* WHAT TO WORK ON
Set down the data that follows again, exactly as written.

* PROVIDED RECORDS
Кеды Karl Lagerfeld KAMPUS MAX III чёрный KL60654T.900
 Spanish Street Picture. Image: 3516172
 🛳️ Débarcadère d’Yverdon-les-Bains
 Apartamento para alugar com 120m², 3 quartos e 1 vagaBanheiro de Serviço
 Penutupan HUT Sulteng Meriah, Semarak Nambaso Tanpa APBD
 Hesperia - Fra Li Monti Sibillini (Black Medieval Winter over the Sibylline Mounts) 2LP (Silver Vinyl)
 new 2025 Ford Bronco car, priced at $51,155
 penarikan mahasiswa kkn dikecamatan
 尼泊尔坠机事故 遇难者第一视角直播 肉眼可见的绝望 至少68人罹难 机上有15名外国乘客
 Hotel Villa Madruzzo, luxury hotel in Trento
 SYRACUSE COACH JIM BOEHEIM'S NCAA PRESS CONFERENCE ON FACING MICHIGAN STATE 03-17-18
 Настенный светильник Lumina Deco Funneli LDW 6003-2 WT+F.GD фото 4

* SOLUTION TO THIS TASK
Кеды Karl Lagerfeld KAMPUS MAX III чёрный KL60654T.900
 Spanish Street Picture. Image: 3516172
 🛳️ Débarcadère d’Yverdon-les-Bains
 Apartamento para alugar com 120m², 3 quartos e 1 vagaBanheiro de Serviço
 Penutupan HUT Sulteng Meriah, Semarak Nambaso Tanpa APBD
 Hesperia - Fra Li Monti Sibillini (Black Medieval Winter over the Sibylline Mounts) 2LP (Silver Vinyl)
 new 2025 Ford Bronco car, priced at $51,155
 penarikan mahasiswa kkn dikecamatan
 尼泊尔坠机事故 遇难者第一视角直播 肉眼可见的绝望 至少68人罹难 机上有15名外国乘客
 Hotel Villa Madruzzo, luxury hotel in Trento
 SYRACUSE COACH JIM BOEHEIM'S NCAA PRESS CONFERENCE ON FACING MICHIGAN STATE 03-17-18
 Настенный светильник Lumina Deco Funneli LDW 6003-2 WT+F.GD фото 4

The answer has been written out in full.